Material shown>
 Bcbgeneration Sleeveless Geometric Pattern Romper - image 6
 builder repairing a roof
* * *
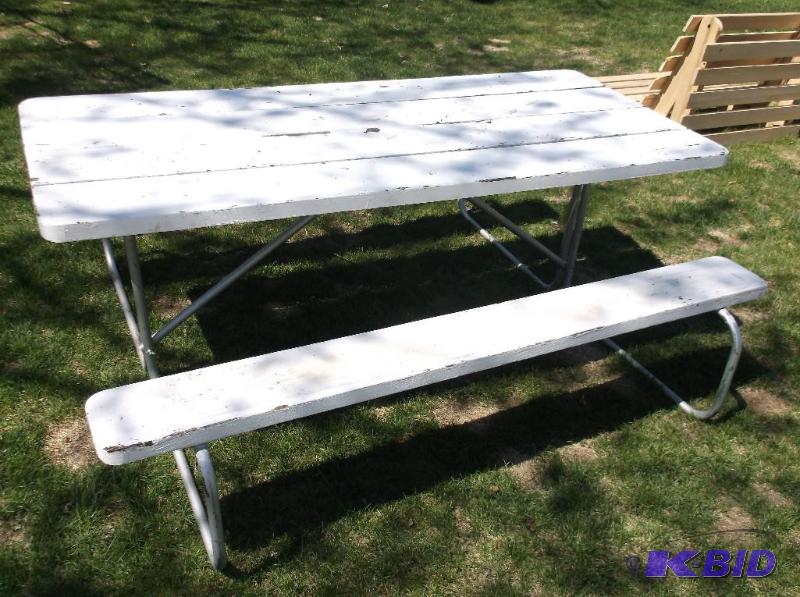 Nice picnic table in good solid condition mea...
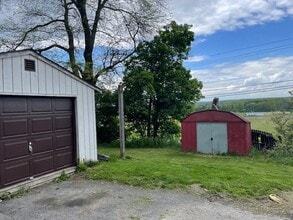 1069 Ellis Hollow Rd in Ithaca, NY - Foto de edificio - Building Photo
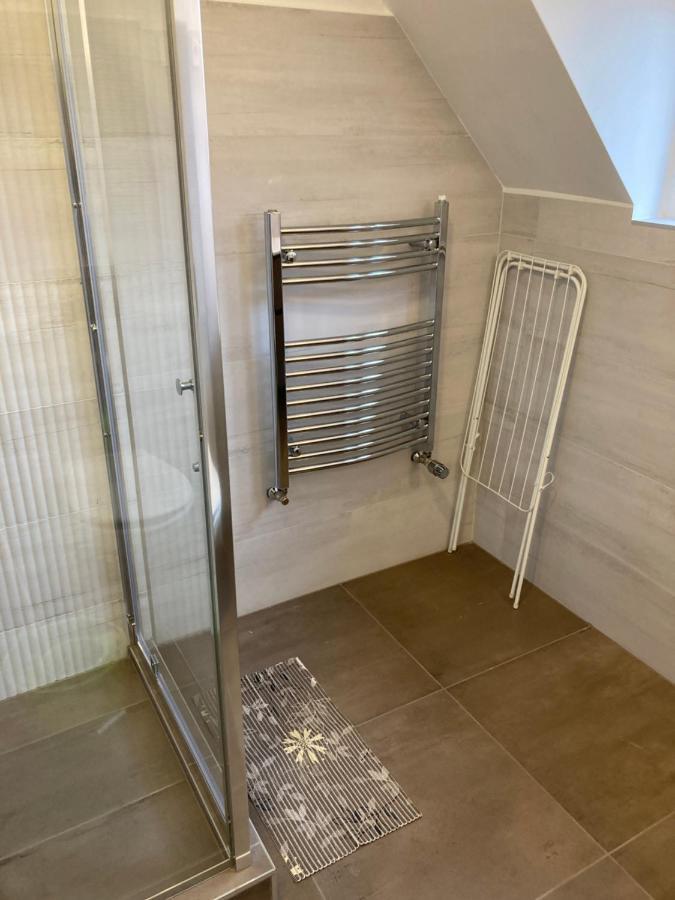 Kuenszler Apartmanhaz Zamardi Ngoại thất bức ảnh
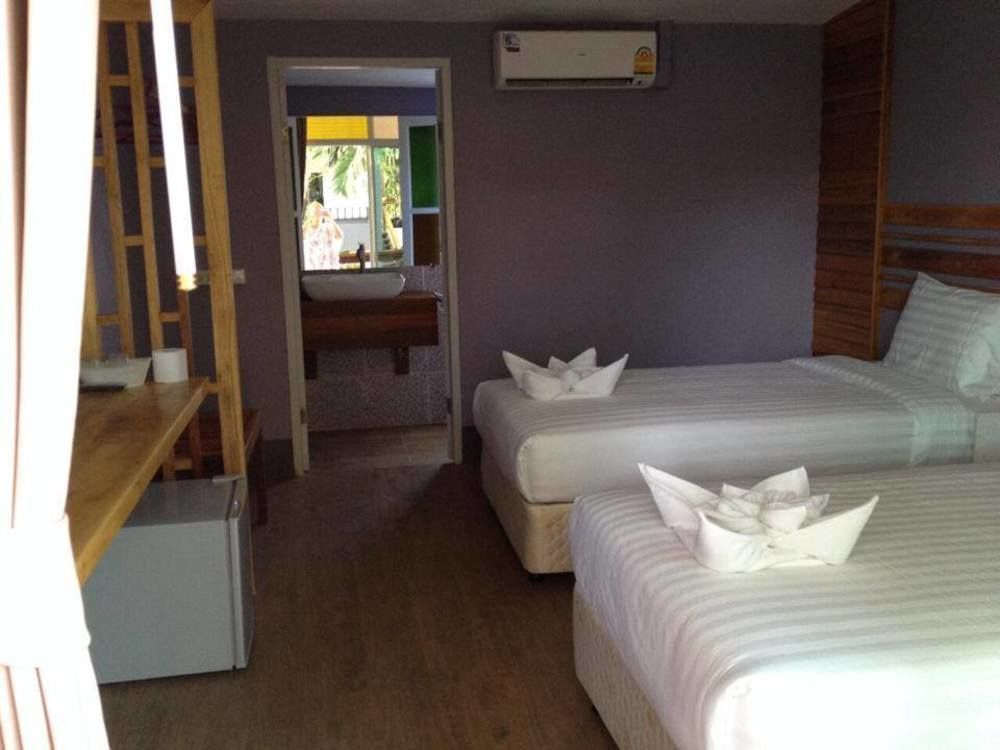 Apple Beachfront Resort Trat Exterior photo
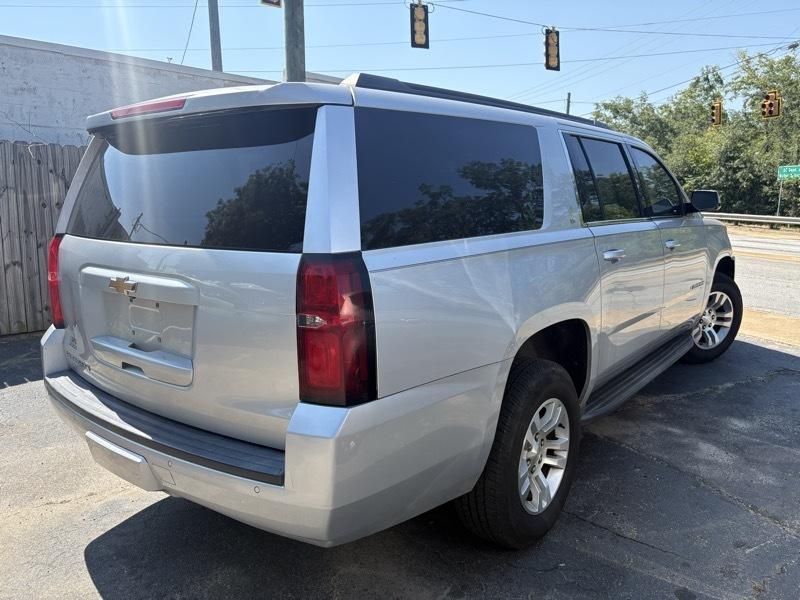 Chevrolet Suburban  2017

Exercise prompt> Retype exactly the span of lines from the one with "Bcbgeneration Sleeveless Geometric" through the one with "builder repairing a roof"; include both ends and omit the rest of the material.

Exercise output>
 Bcbgeneration Sleeveless Geometric Pattern Romper - image 6
 builder repairing a roof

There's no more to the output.